* The problem
The task calls for the lines below from the line with "this 470×313 image." to the line with "this 845×633 image.", both ends included, copied exactly, without any pictures.

* The data
• • • • •

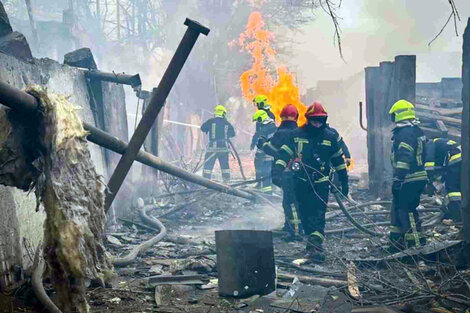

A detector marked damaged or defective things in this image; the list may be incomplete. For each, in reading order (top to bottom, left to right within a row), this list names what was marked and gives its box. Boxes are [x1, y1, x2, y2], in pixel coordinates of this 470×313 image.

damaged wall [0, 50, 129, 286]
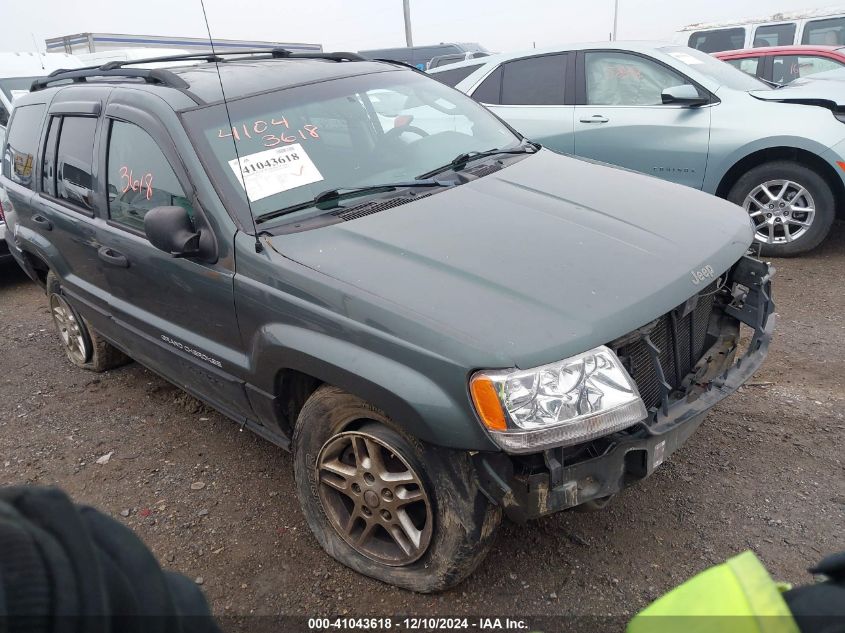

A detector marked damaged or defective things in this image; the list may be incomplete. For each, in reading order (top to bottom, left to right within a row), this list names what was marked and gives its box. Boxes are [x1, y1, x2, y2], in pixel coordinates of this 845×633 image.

• • • • •

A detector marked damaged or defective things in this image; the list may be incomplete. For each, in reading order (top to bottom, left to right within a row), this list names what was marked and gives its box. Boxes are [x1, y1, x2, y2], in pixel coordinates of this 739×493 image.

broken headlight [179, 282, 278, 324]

• • • • •

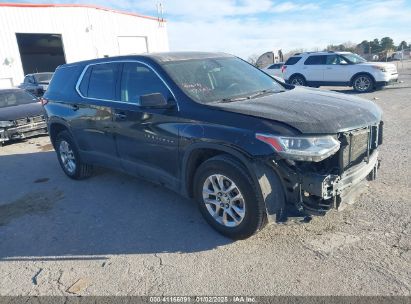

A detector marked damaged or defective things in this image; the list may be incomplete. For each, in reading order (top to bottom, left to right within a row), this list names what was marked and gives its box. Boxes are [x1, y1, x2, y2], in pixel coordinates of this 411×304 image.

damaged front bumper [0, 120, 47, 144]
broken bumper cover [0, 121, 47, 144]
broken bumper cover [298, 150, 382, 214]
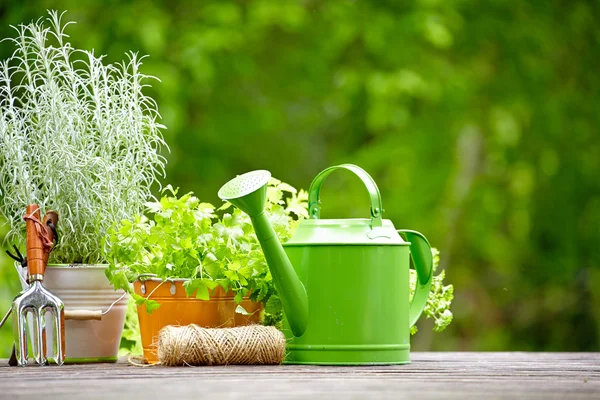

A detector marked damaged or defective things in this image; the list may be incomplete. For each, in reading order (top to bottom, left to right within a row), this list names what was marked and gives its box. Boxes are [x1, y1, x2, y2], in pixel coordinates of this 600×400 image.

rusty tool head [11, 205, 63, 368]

• • • • •

* Expected answer
A detector marked damaged or defective things in this image; the list may be incomplete. For each, in reading order (top to bottom, left to right within a row), this list names what was marked and gives its box. Boxes are [x1, y1, x2, y2], in pixel coordinates of this 470×313 image.

damaged wall [0, 50, 129, 286]

A detector marked damaged or defective things in this image; the list may be incomplete. For each, in reading order (top to bottom, left to right within a row), this list names what was marked and gives its box. Boxes are [x1, y1, x2, y2], in pixel coordinates of this 845×633 image.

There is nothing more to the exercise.